而也是由于他的这份在意,她当初才愿意把自己的身家性命都赌在他身上。

可惜了,这都将成为过去。

以后她能靠的,就只剩下自己。

依然是那副不在意的样子,“你不是早就清楚了吗?”

君莫惜没有说话。

这也算是默认了欧若邻的说词。

也是,他当然知道欧若邻不可能是他的妹妹,否则就算有再多的理由,他也不可能荒唐到真的去娶和自己血脉相通的女人。

虽然他曾经为“若邻”这两个字深深的迷惑过。

君耀庭在大学时代是中文系出了名的才子,喜欢舞文弄墨,他的名字莫惜就是取自劝君莫惜金缕衣的诗句。

自然,若邻这两个字让人很容易就联想到了海内存知己,天涯若比邻,刚好欧若邻孤儿的身份又给了人无限的想象空间,再加上母亲叶敏芝第一次看见欧若邻时的激动样子,真令他不得不怀疑他父亲是不是还有除了他以外的孩子。

但苦于欧若邻是一直到君耀庭下葬后才出现在世人的眼中的,对于她的存在只有负责给君耀庭立遗嘱的律师才知道,而他们也不必过问他们之间有什么瓜葛,所以这个问题他很久都没找到答案。

后来,他在无计可施的情况下背地里拿了欧若邻的头发和自己的做了DNA对比,发现他们的相似度只有百分之零点零一。也就是说,欧若邻和自己没有血缘关系,她不是他的妹妹。

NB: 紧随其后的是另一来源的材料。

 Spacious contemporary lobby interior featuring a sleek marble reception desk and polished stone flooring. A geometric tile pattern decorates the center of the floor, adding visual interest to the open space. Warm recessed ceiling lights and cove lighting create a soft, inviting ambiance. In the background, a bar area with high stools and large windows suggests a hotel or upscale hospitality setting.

那就只剩下另一种可能,如同欧若邻常挂在嘴边的那样,她是他的小妈。

多讽刺的两个字,却是她身份的最好解释。

毕竟,没有谁会把自己一半的财产留给完全没有关系的人。

但他不在乎了,只要欧若邻和他不是血亲,他就不会放任她在把自己的生活搅得一团乱以后再潇洒离开。

“但我想听你自己亲口说出来。”他存心和她耗到底了。

欧若邻无声的叹了口气,她是想过要告诉他的,就在今天,就在这间屋子,但君莫惜似乎等不到她对他坦诚以待的那一天了。

追查已久的事情现在还不是下结论的时候,她也不能贸然将没有定论的事当成真相拿来说事,所以现在,她只能选择闭口不言。

也许,他们之间就是注定要差一段时间距离。

无所谓了,虽然曾经渴望能与他守望于幸福,但不可否认,在她心里,君莫惜从来就不是排第一位的。

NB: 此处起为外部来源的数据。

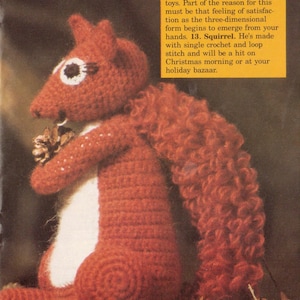 May include: A crocheted squirrel toy in shades of red and white, holding a pinecone. The squirrel has a fluffy tail and is made with single crochet and loop stitch. Text on the image reads: "Add this cute little fellow to your crocheted zoo."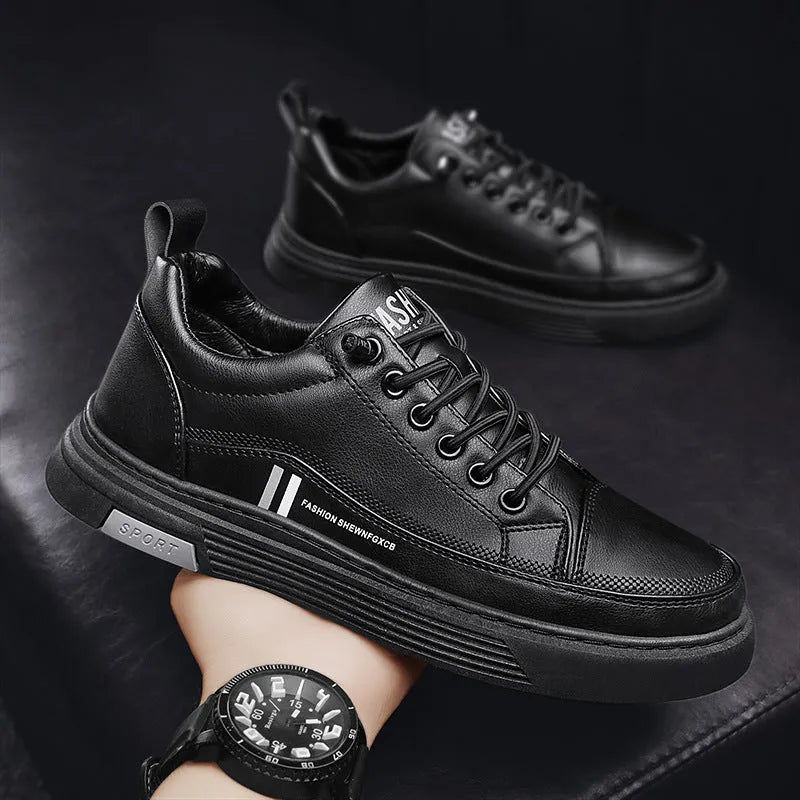 Men's low-top black and white skateboard shoes with elastic band and rubber sole.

理清了主次关系,欧若邻就说得更顺口了,“我没有义务对你交代什么。而且既然你有胆色娶我,就应该对今天的场面有心里准备才对。不妨告诉你,在未来的一段时间里,我会经常去探望你的父亲。”

“欧若邻!”君莫惜站起来,紧紧的扣住她的手腕,面色铁青的道:“把你刚才的话收回去。”

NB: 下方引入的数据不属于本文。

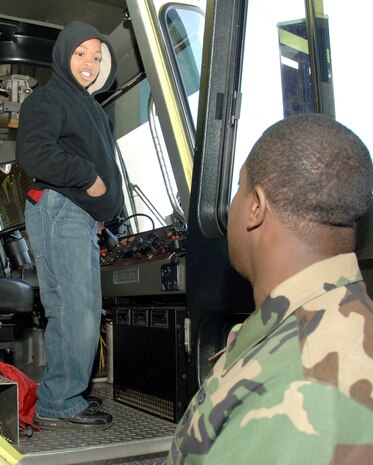 Staff Sgt. Joseph Tobler explains to Jordan Johnson the inside of a fire truck during a tour of the 437th Civil Engineer Squadron Fire and Emergency Services Flight here March 3. Students from Devon Forest Elementary school in Goose Creek, S.C. were given the opportunity to take part in this field trip to inspire them to succeed and realize that they can achieve personal goals if they work hard towards accomplishing them.  Sergeant Tobler is a firefighter with the 437 CES. (U.S. Air Force photo/Staff Sgt. Marie Cassetty)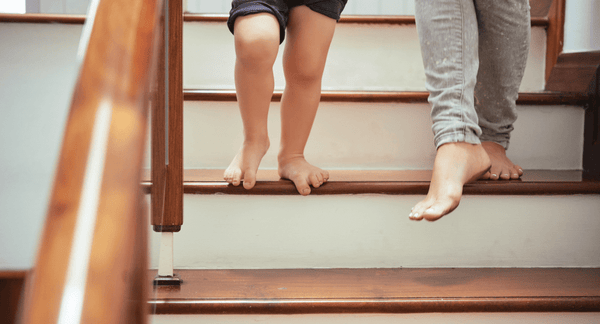woman and child walking down stairs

手臂传来阵阵疼痛的感觉,欧若邻也不挣扎,只倔强的盯着他,斩钉截铁的说:“不可能。”

这样对峙了一段时间,君莫惜的额头开始沁出层层的汗,扣着欧若邻的手也开始细微的颤抖,欧若邻心知肚明是因为他感冒还没好身体依旧很虚弱的原因,被武装得坚硬的心开始动摇。

终于,她垂下眼,淡淡的说:“我可以答应你,但是我有一个条件,君莫惜,我们提前离婚吧!”